# Underbid: homeadvisor



## Johnsonbuilds (Feb 24, 2013)

I have used home advisor for 12 years although at times frustrating, its worth it for our company. 
This march i have bid 15 jobs. Most of which the customer has been appauled and shocked at the price. I typically get 1:3 or better of my bids. Last year my feedback was that i was the lowest bidder, at times by 20%. So this year as opposed to my typical 20% to cover overhead and profit, i have been marking up 25%. Now on 10,000 that is a matter of $500 dollars compared to last year. Not thr difference that should be getting me crickets when i submit the quote. Any feedback? Is it this year? 
I have noticed some online estimators that provide price ranges that i couldnt even get materials for their listed total cost. Homewyse for example. I know homeadvisor started publishing average prices as well.


----------



## BamBamm5144 (Jul 12, 2008)

Are you marking up 25% or actually 33% to get 25%?


----------



## Defenestrate (Aug 13, 2015)

Johnsonbuilds said:


> I have used home advisor for 12 years although at times frustrating, its worth it for our company.
> This march i have bid 15 jobs. Most of which the customer has been appauled and shocked at the price. I typically get 1:3 or better of my bids. Last year my feedback was that i was the lowest bidder, at times by 20%. So this year as opposed to my typical 20% to cover overhead and profit, i have been marking up 25%. Now on 10,000 that is a matter of $500 dollars compared to last year. Not thr difference that should be getting me crickets when i submit the quote. Any feedback? Is it this year?
> I have noticed some online estimators that provide price ranges that i couldnt even get materials for their listed total cost. Homewyse for example. I know homeadvisor started publishing average prices as well.
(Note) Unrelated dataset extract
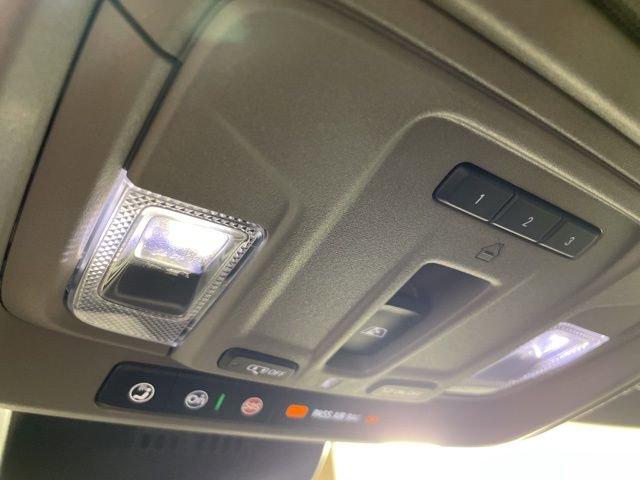 2025 Chevrolet Silverado 1500 Vehicle Photo in PHOENIX, AZ 85014-3381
Honest question: I'm really not trying to poke at you. What's in your overhead that costs less than 20/25% (however you figure it) that still leaves some actual profit?

The things I'm thinking of -- and this isn't the full list -- that cost a chit-load of overhead... license fees, insurance (liability, vehicle, tools), workmans comp (if you carry it), vehicle (depreciation, gas, maintenance), office expenses, tools (new and maintenance), bookkeeping, tax prep... 

Or are you running a very lean operation, which actually leaves you decent profit?


----------



## Johnsonbuilds (Feb 24, 2013)

It costs me roughly 200 a day to be in business. Work comp is part of labor which i mark up 20%. So yeah my net profit is actually less than 20%. And no im not getting work and im not making money this is after 14 years of business bidding the same using the same software as i always have and 12 years have been great for growth and profit. We moved from LA to Chicago three years ago. The first yesr we moved i did pretty well. Last two years have been very tough.


----------



## Metro M & L (Jun 3, 2009)

Sounds like the problem isnt the bid, its the marketing. Try a different lead source.


----------



## Johnsonbuilds (Feb 24, 2013)

Metro M & L said:


> Sounds like the problem isnt the bid, its the marketing. Try a different lead source.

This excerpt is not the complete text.